5.3. Orbene, nel caso di specie, poiché il fatto contestato non consiste in qualsivoglia comportamento, ma in un comportamento che deve potenzialmente avere determinate conseguenze (ovvero che - secondo il
Codice di comportamento - possa “nuocere agli interessi o all'immagine della pubblica amministrazione”), la contestazione avrebbe dovuto
Pagina 4 di 6 R.G. LAV. N. 2621/2023
specificare anche le ragioni per le quali detto comportamento poteva avere le paventate conseguenze.
In altri termini, la potenzialità lesiva del comportamento (pure evocata dal Codice di comportamento) è essa stessa inglobata nel “fatto” materiale disciplinarmente rilevante e non può, pertanto, essere pretermessa in sede di contestazione disciplinare.

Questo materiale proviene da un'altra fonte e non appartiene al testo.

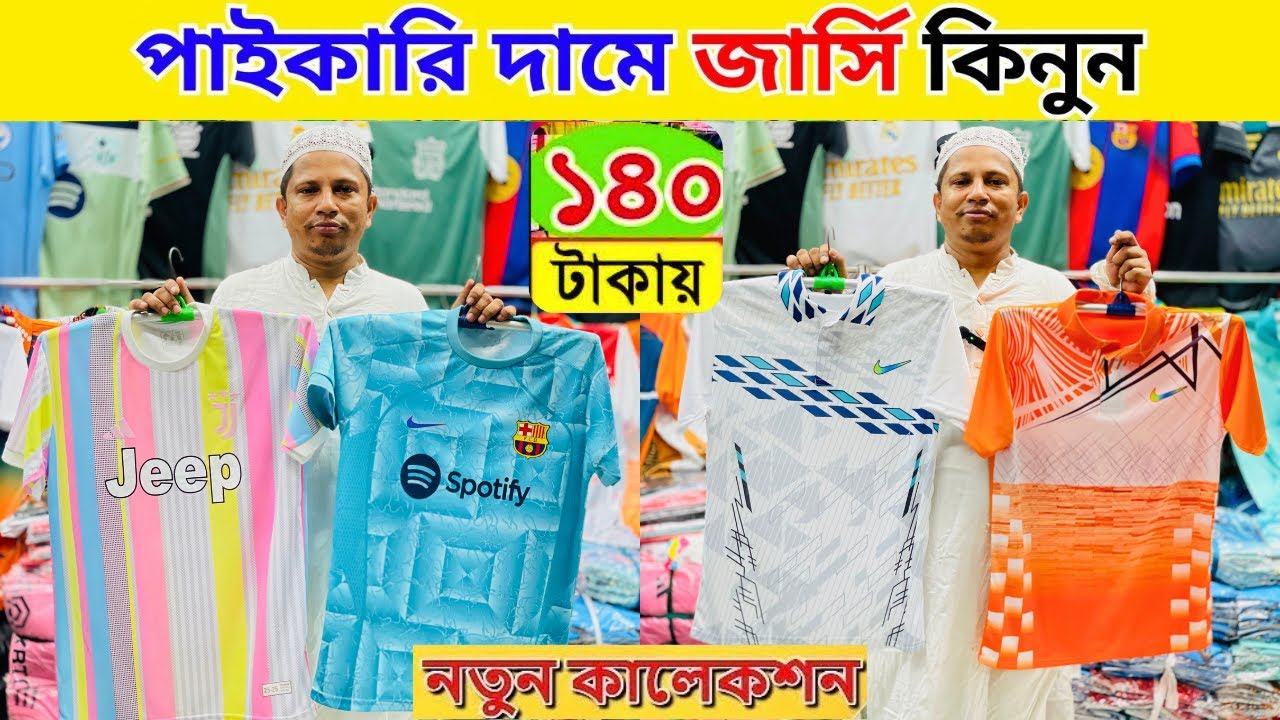 jersey price in bangladesh || club jersey price in bangladesh || jersey wholsale || jersey price 25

Diversamente opinando, si finirebbe per ledere gravemente (come è avvenuto nella fattispecie) il diritto di difesa del lavoratore, il quale non viene posto in grado di argomentare in ordine a tale profilo che è essenziale ai fini della stessa configurabilità dell'illecito (un fatto inidoneo a ledere gli interessi o l'immagine della P.A. non potrebbe costituire illecito disciplinare). Qualunque espressione, anche quella più neutrale, senza la predetta specificazione (in ordine alla potenzialità lesiva), si presterebbe infatti ad essere individuata come potenzialmente “nociva”, ma ciò consentirebbe al datore di lavoro di sconfinare nel vero e proprio arbitrio.
5.4. Nulla si specifica, nella contestazione oggetto di controversia, su quali “interessi” della pubblica amministrazione i post scritti dal ricorrente sul noto social network avrebbero potuto incidere né si indica in che modo essi avrebbero potuto lederne l'immagine.
Solo nel provvedimento disciplinare si palesa, per la prima volta (a pag.
5), che la lesività sarebbe consistita nella “volontà insita nella S.V. di denigrare ulteriormente il Consigliere regionale , Persona_2 circostanza che, invece, si sarebbe dovuta indicare sin dalla contestazione disciplinare al fine di garantire il diritto di difesa del dipendente (basti pensare al dato della non identificabilità del consigliere regionale, figura politica ed elettiva, con la “pubblica amministrazione” tutelata dal Codice di comportamento).
5.5. Il vizio emerge ancor più marcatamente con riferimento alla condotta sanzionata dal CCNL che richiede non un danno potenziale, ma effettivo (“dal quale sia derivato grave danno all'Ente o a terzi”).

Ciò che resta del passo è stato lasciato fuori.